● EXERCISE DESCRIPTION:
The lines in the listing below are to be given again exactly, starting at the line holding "Western blot analysis" and ending at the line holding "韩国TS整形外科医院做假体隆胸手术好不好". Do not include pictures.

● DATA TO USE:
[Start of section]

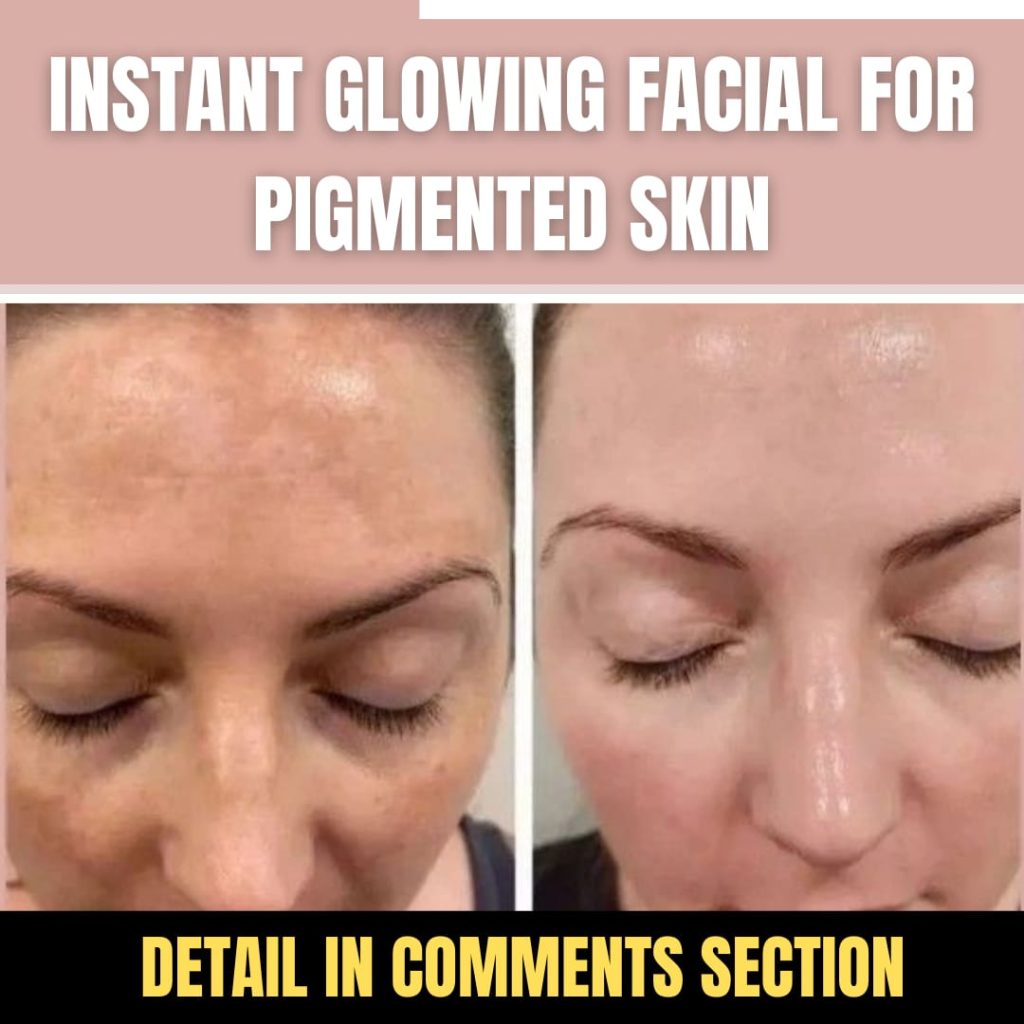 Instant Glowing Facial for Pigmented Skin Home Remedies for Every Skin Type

[End of section]
[Start of section]

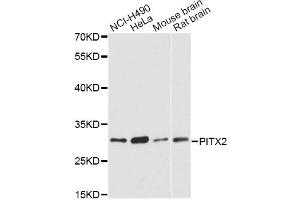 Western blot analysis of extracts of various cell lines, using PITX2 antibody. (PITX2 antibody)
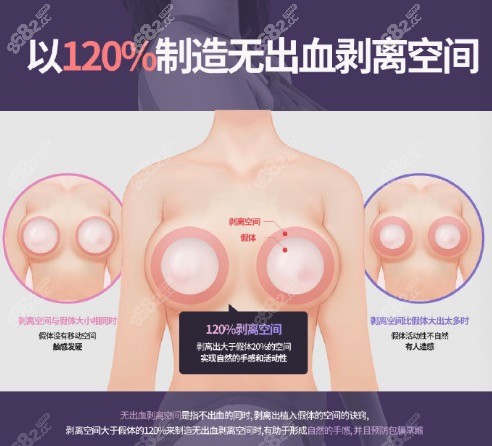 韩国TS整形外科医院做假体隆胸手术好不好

[End of section]

● SOLUTION FOR THIS EXERCISE:
 Western blot analysis of extracts of various cell lines, using PITX2 antibody. (PITX2 antibody)
 韩国TS整形外科医院做假体隆胸手术好不好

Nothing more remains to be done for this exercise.